H. : Quelle sera la ligne de conduite de l'ordre des
infirmiers ?
D. L. B.
: Je souhaite une grande
rigueur et une grande transparence. Il me semble important de limiter
mais non rationner les frais inhérents à une telle structure. Il est en
effet nécessaire de construire la "maison". Et certains axes
fondateurs nécessiteront un important investissement. Nous devrons par
exemple disposer d'une équipe juridique solide et d'un pôle chargé de
notre communication qui doit être opérant sur les trois niveaux. Il
faudra aussi trouver un lieu susceptible de nous accueillir. Sans oublier
la gestion de l'inscription au tableau de l'ordre. Pour des raisons de
fonctionnement comme d'autres ordres avant nous, nous souhaitons un
allongement et une harmonisation de tous les mandats ordinaux qui
seraient de 3 ou 6 ans au lieu de 2 ou 4 ans (avec toujours le
renouvellement de la moitié des élus à mi-mandat soit désormais tous les
de 3 ans, NDLR). Cela éviterait à l'ordre des infirmiers à peine installé
de repartir pour une nouvelle campagne électorale et donc de travailler
mieux sur les sujets de fonds.
H. : Qu'en est-il aujourd'hui de la cotisation,
source de diverses polémiques ?
D. L. B.
: La cotisation sera soumise à
l'avis des différents conseils départementaux et régionaux de
l'ordre des infirmiers.
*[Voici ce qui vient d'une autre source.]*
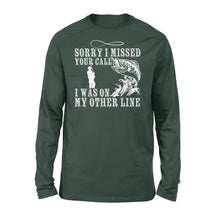 Load image into Gallery viewer, Funny fishing shirts Sorry I missed your call, I was on my other line Long Sleeve, fishing gifts for fisherman - NQS1291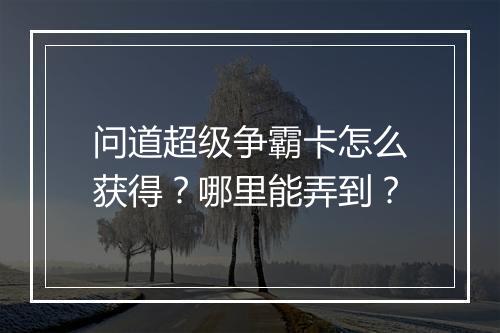 问道超级争霸卡怎么获得？哪里能弄到？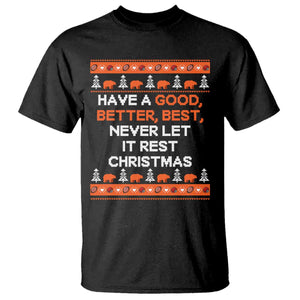 Good Better Best Christmas Inspirational T Shirt Never Let It Rest CFB Sports Fans Ugly Sweater Style TS02 Black Print Your Wear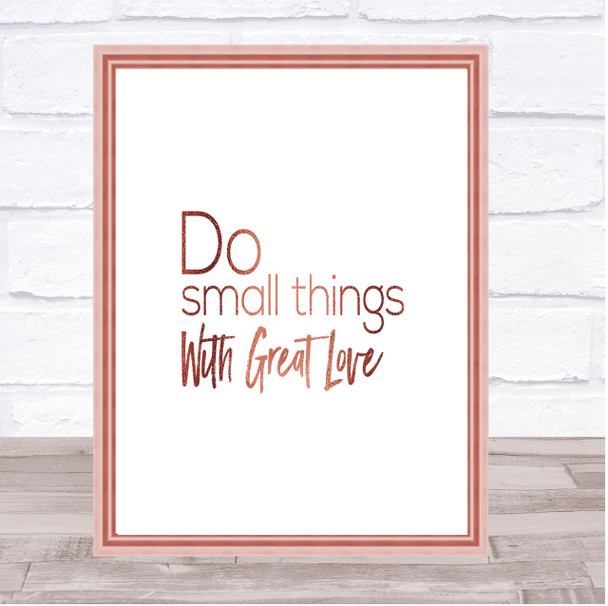 Great Love Quote Print Poster Rose Gold Wall Art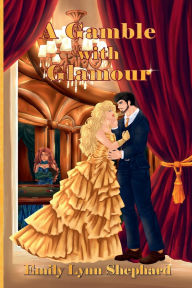 Title: A Gamble with Glamour, Author: Emily Lynn Shephard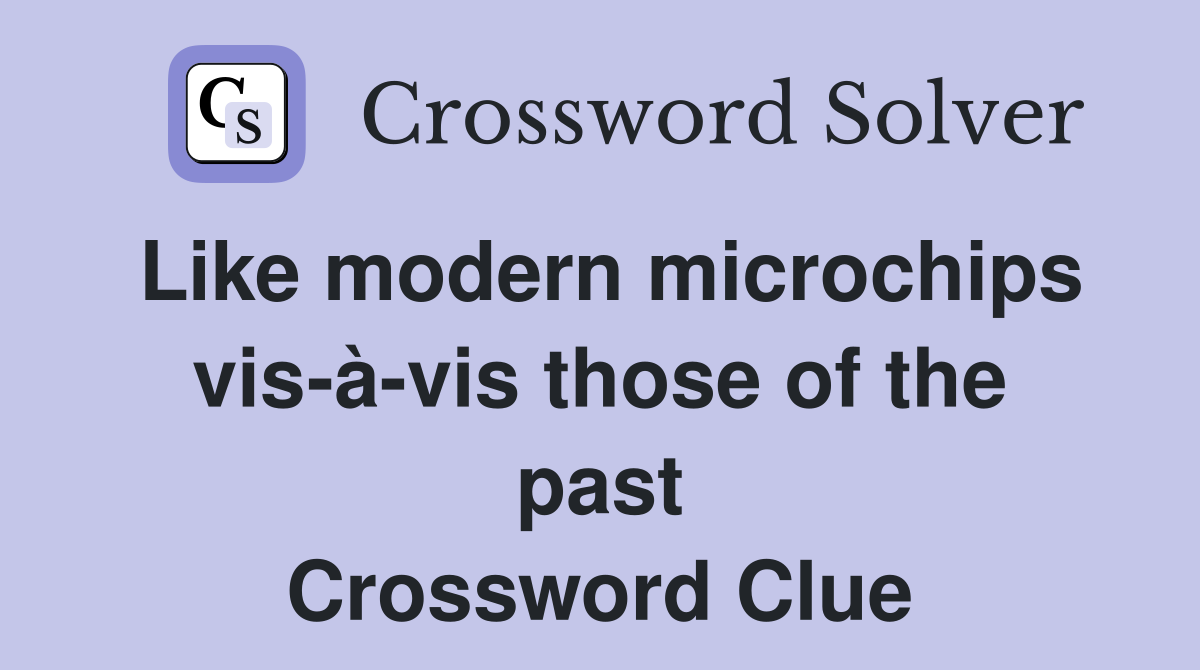 Like modern microchips vis-à-vis those of the past Crossword Clue
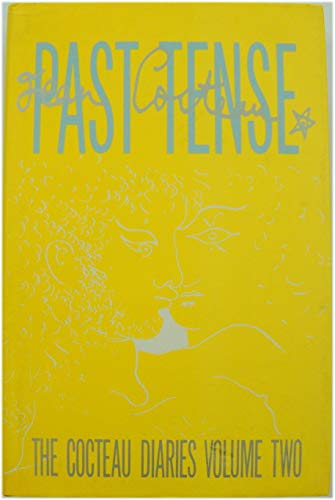 9780413633408: Past Tense: v. 2: Cocteau Diaries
L'échelon local est primordial car il est proche
des pratiques. Depuis le mois d'avril 2008 où ils ont été créés, ils ont
prouvé leur capacité à s'organiser sans moyen. Face à ce constat, on ne
peut plus dire aujourd'hui que l'ordre des infirmiers était le rêve de
quelques illuminés. Une réunion regroupant tous les départements et
régions sera donc organisée. Ils pourront alors donner leur avis afin que
nous puissions convenir ensemble d'un montant de cotisation acceptable
par toutes les infirmières mais aussi raisonnable pour permettre le
fonctionnement mais aussi l'indépendance de l'ordre. Cette étape doit se
faire rapidement mais sans précipitation."